Standard cloud services can address a certain portion of HPC needs, notably those that don’t require a lot of parallel processing such as parameter studies with varying input and low I/O requirements traffic. However, many HPC applications cannot be shoehorned into standard cloud solutions and consequently require hardware designs that can efficiently run certain HPC workloads from various science and engineering application areas.

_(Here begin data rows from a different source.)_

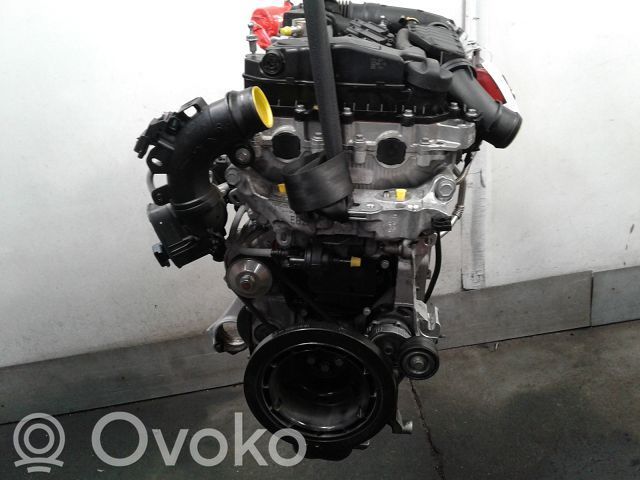 Variklis   1617295980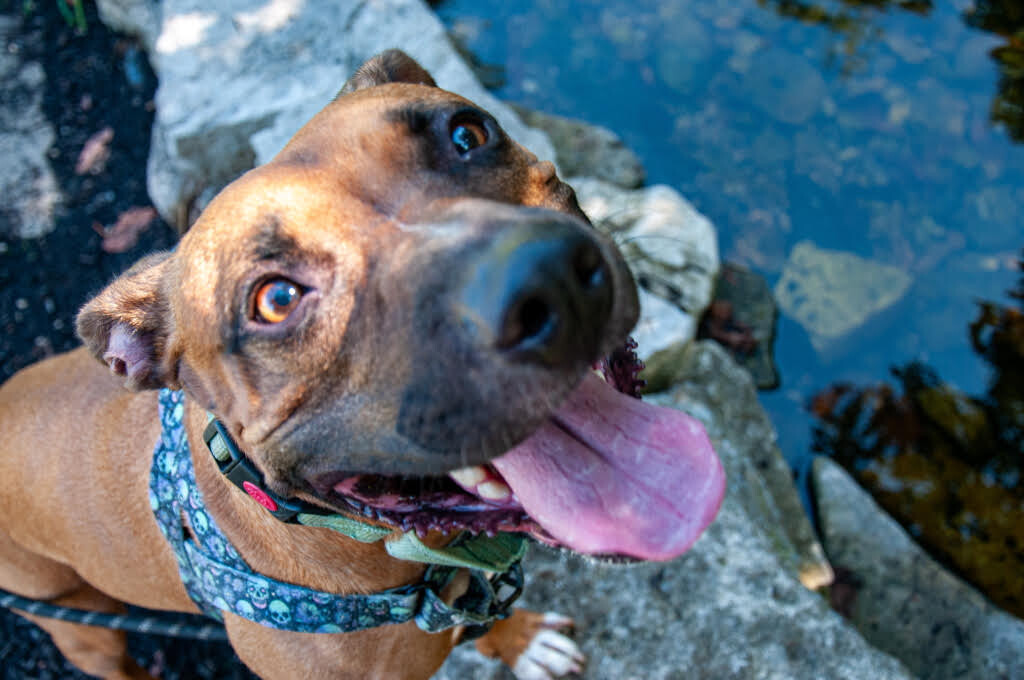 View Tap Dance the Dog Photo #18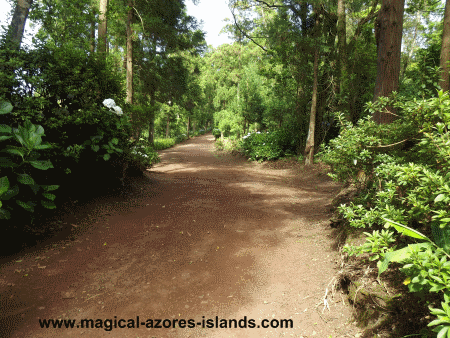 Pinhal da Paz Path Pinhal da Paz Path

Many distributed computing applications are developed and optimized for specific HPC systems and require intensive communication between parallel tasks. To perform efficiently in an HPC cloud, these applications require additional system features, such as:

• Large capacity and capability resources, application software choice and a physical or virtualized environment depending on performance needs. The use of high performance interconnects and dynamic provisioning can offer cloud features while maintaining HPC performance levels.

• High performance I/O is often necessary to ensure that many I/O-heavy HPC applications will run to their fullest potential. As an example, pNFS might provide a good plug-and-play interface for many of these applications. Back-end storage design, however, will be crucial in achieving acceptable performance.

• Fast network connection between the high performance cloud resources and the end-user’s desktop system. Scientific and engineering simulation results are often range from many Gigabytes to a few Terabytes. Additional solutions in this case are remote visualization, data compression, or even overnight express mailing a disk with the resulting data back to the end-user (by the way, a quite secure solution).

Additionally, there may be other issues that need to be addressed before an HPC cloud can deliver low-cost and flexible HPC cycles; a careful analysis of application requirements is required in order to determine effective HPC performance in standard cloud offerings.

2 – Security in the cloud

Security is the major issue in all cloud deployments and this concerns every organization, not just small and medium enterprises. In order to protect its “crown jewels”, any organization migrating to the cloud should primarily be concerned with the physical location of its data. It should also address a number of questions related to back-up and recovery, auditing, certification and of course, security. In particular, who on the service provider’s side will have access to the data. Achieving acceptable levels of security is not only a matter of technology, but also a matter of trust, visibility, control and compliance. This is achieved through effective management and operational practices. In other words, security is first and foremost a human issue, because when end-users send data and applications into the cloud, they sacrifice complete control.

However, security does not appear to be a major issue for cloud customers, as the market is currently growing by approximately 30% per year. Optimistically, there is no reason to believe that HPC in the cloud will not follow the same trend.

We could not agree more with Simon Aspinall [3] when he says “as with any other new and disruptive technology, there is still some hesitation and some assumptions about how businesses should run, that have until now inhibited the speed of adoption in the enterprise market. These arguments, especially around security, are oddly similar to those that were once voiced around the Internet, online retail and even the mobile phone. Businesses not doing so already would be well advised to take a page from history and adapt or risk getting left behind by competitors already benefiting from the efficiencies a Cloud solution delivers. As with any other major decision, the key is to educate ourselves on the available options, do diligence, define our “Cloud,” and adapt at a pace that is best for our own business.”

[References]

[1] Council of Competitiveness, ‘Make’, ‘Reflect’, ‘Reveal’ and ‘Compete’ studies 2010.

[2] NIST Cloud Definition.

[3] Simon Aspinall, Security in the Cloud. Strategic News Service, Volume 16, N°39, Oct. 28, 2013.